[[ Stored data open ]]
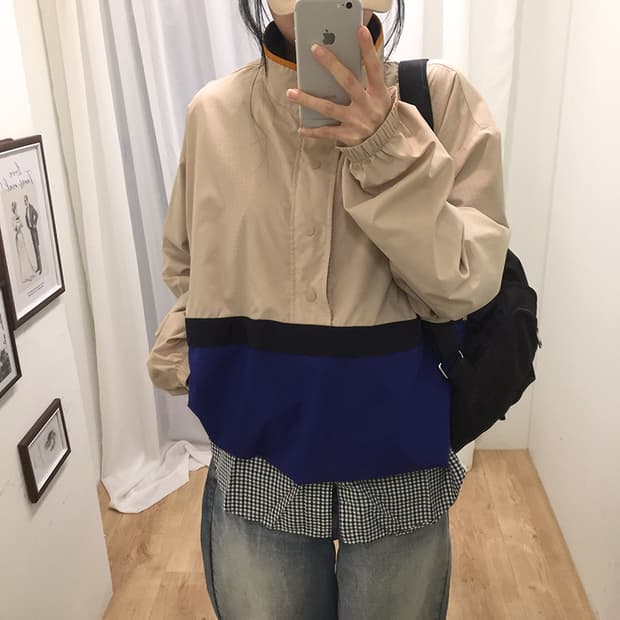 Unisex Uniqlo x Jw Anderson Anorak 100
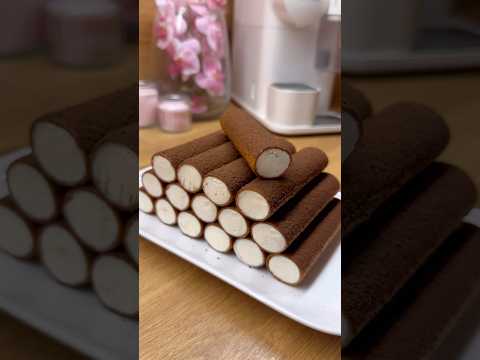 Cannelloni Tiramisu - كانلوني تيراميسو 🤎 thumbnail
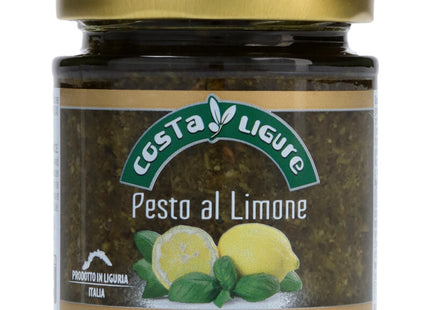 Costa Ligure Pesto limone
[[ Stored data closed ]]
- **To do**
Output only the lines that run from the line containing "Cannelloni Tiramisu - كانلوني" to the last line of the data, exactly as they stand and without pictures.

- **Solution to this exercise**
 Cannelloni Tiramisu - كانلوني تيراميسو 🤎 thumbnail
 Costa Ligure Pesto limone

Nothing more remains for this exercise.